Joint venture partners will also do the same. Sometimes we can tell the client will have, if not a requirement, then at least a preference in terms of whom the lenders decide to appoint. It depends on the deal specifics. On some deals, we may actually have the lawyers working before we’ve got the lenders in place if there’s specific due diligence that needs to be done.

What about Endeavour’s preferences with respect to outside counsel?

We’ve got a reasonable amount of experience. We don’t have a specific panel, but there are firms we’ve used and talked to in past years in New York, Toronto, Vancouver and London, teams that we know well. These are the big New York or London project finance firms with big project finance teams, good mining expertise. At the same time, we’re always open to finding new teams that we like.

We’ve done a reasonable amount with Mayer Brown, Shearman & Sterling, Allen & Overy, Norton Rose Fulbright, those are probably the ones we speak most to. There’s also Skadden and Clifford Chance. It does somewhat depend on which part of the world the project is, but those two are probably up there, and then Milbank and Sullivan & Cromwell are the other two. We’ve done less work with them recently, but that’s for deal-specific reasons. There are also good firms in Canada. Cassels Brock, Stikeman Elliott, and Blakes are the ones we see quite a lot of.

We did a deal in Guyana last year, and we had Canadian counsel because the project sponsor was Canadian. We had Guyana counsel for the local issues, we had Barbados counsel because of the holding company structure, and we had New York counsel because the deal got done under New York law.

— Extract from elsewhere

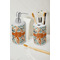 Orange & Blue Leafy Swirls Ceramic Bathroom Accessories - LIFESTYLE (toothbrush holder & soap dispenser)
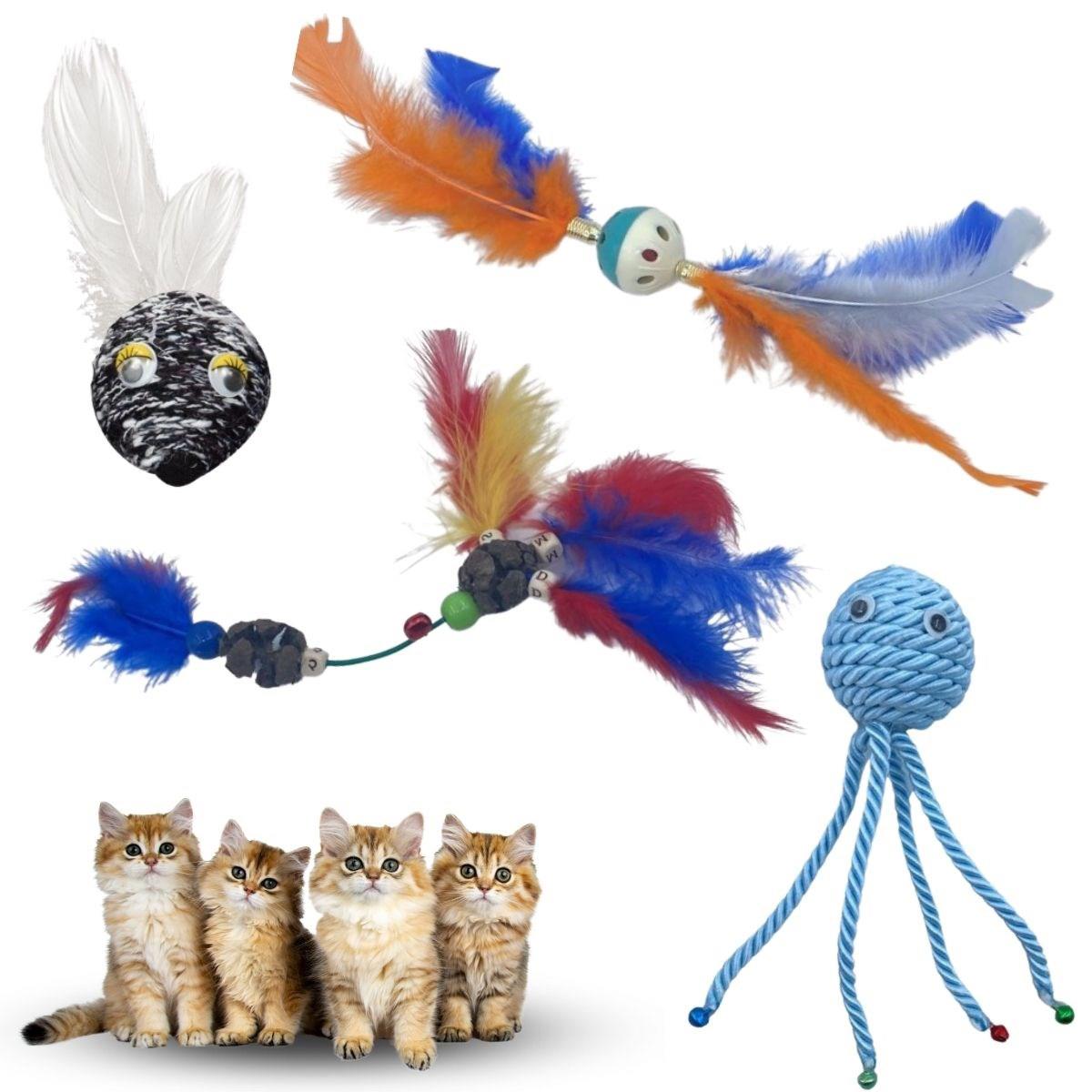 Buffer Peluş Tüylü Isırma Yavru-Yetişkin Ahtapot - Fare Kedi Oyuncağı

And for the Baja one, we had US counsel, Canadian counsel, and Korean counsel, because we had Korean lenders and joint venture partners, as well as Mexican counsel advising on issues.

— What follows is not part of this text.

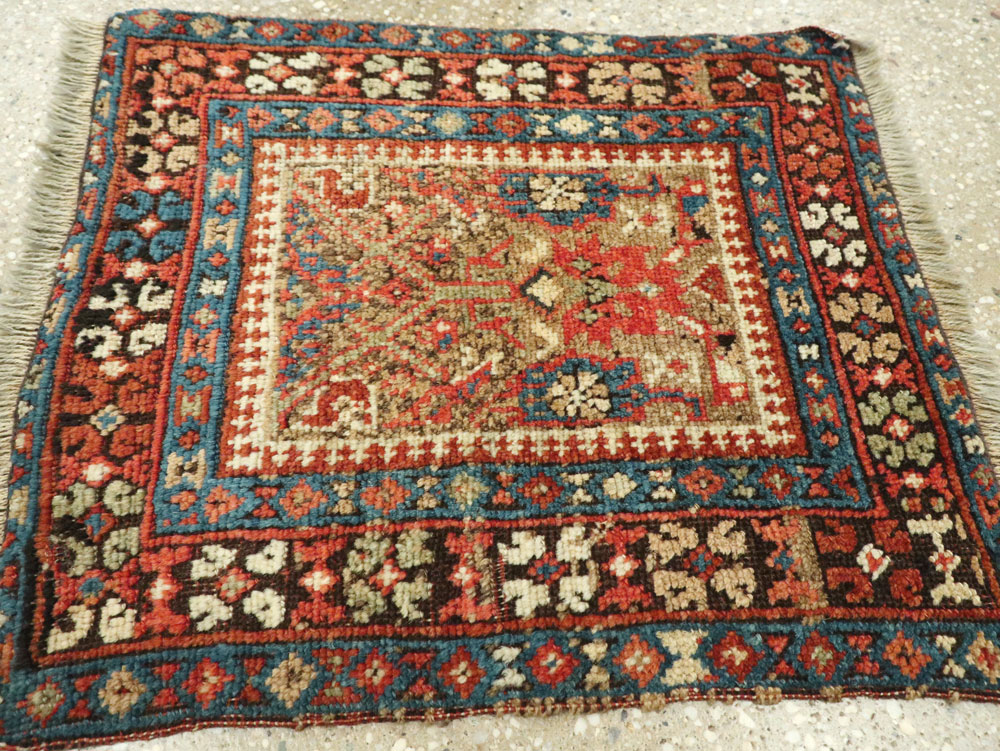 Antique Persian Qashqai Square Tribal Throw Rug, No.25568 - Gsblank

Do you have a preference with respect to hourly versus fixed billing rates?

In terms of billing structures, ultimately it comes down to what the client wants. We don’t have our own counsel as the advisor, we work with our clients’ counsel, and from our personal perspective, we’re agnostic as to what the fee structure should be. From a client perspective, if you can have a cap fee structure, that may be helpful. But the assumptions behind that cap structure may not prove to be born out in reality, and you find that cap isn’t really a cap, you get to it and you keep going.

We might have a firm accruing fees at a discounted rate. It’s also helpful if a firm can accrue the fees but defer the billing.

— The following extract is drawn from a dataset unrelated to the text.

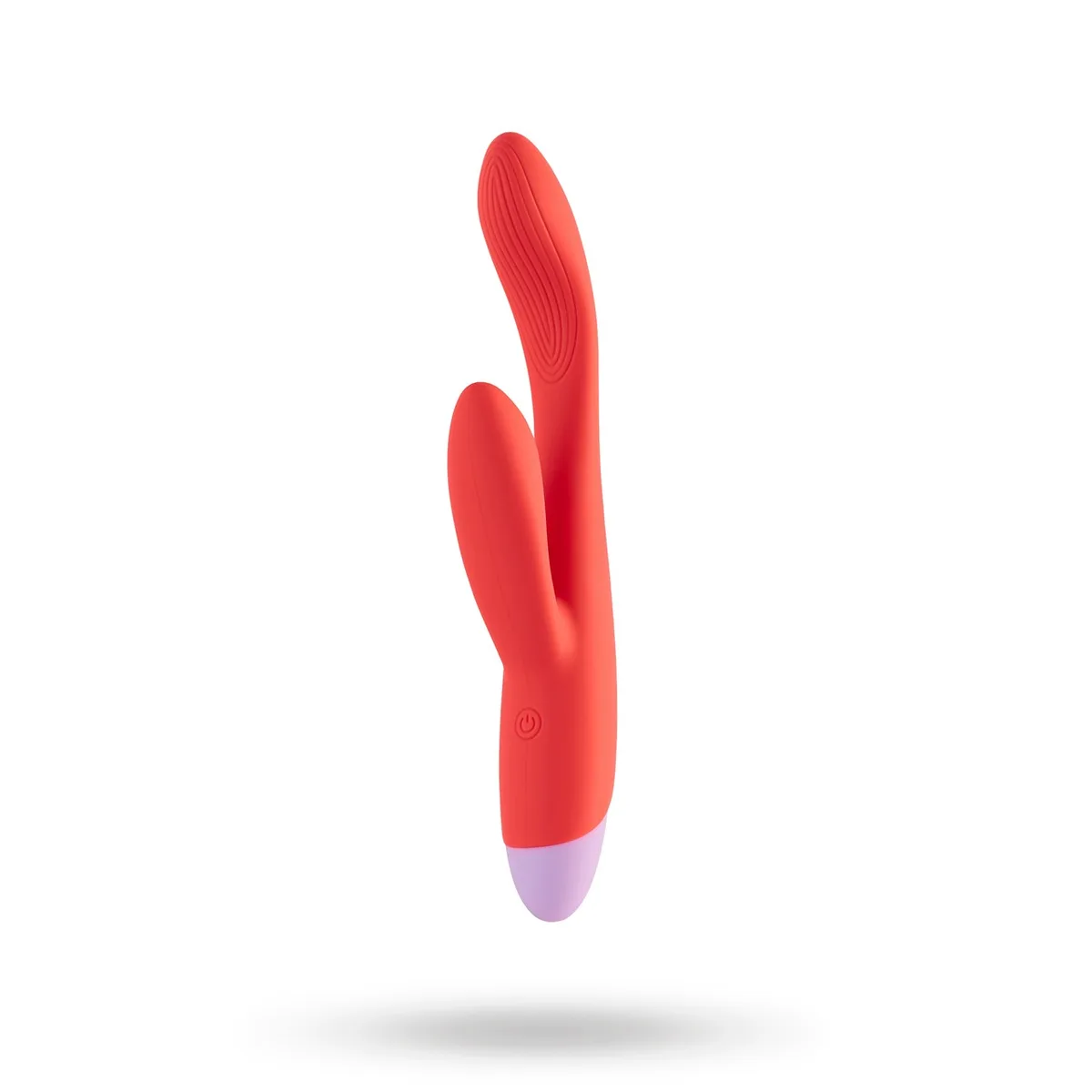 Dream Toys Double Beat Duo Vibrator i rött, sedd snett framifrån med den inre G-punktsarmen och den yttre klitorisarmen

Let’s talk about your vision for the future of your operations in Mexico.

We’re not looking to expand into other sectors at the moment. We do some oil and gas deals, but not that many, probably less than 5% I would say are oil and gas, and the majority are focused on mining. We’re keen to do more deals in Mexico, though I think some parts of the country have challenges, security issues at the moment, which is giving some of the mining companies headaches.

I think we’re probably more affected, and the industry overall is more affected, by what’s happening in the equity markets. Either the metals prices don’t make these projects economic, or the equity markets are depressed if they don’t have funds to get projects to the point where they can be readily financed by debt.

Getting projects to a point where they are suited for project finance is a key part of what we do, but then there is executing on financing with lenders. When the equity markets are pretty weak, particularly for junior mining companies in markets in Toronto, London and Australia, that inevitably has an impact on the development timeframes.

 

George Pyper

Director

Endeavour Financial

London

 

Biography

George Pyper has been advising and financing Natural Resources companies and projects for over fifteen years. Prior to joining Endeavour in 2008, he was at Rothschild based in London, Denver and Sydney. His experience at Endeavour and Rothschild has been primarily mining sector transactions including JV/partnering assignments, offtake negotiation, and a range of syndicated and bilateral structured and project debt facilities and commodity linked financial products.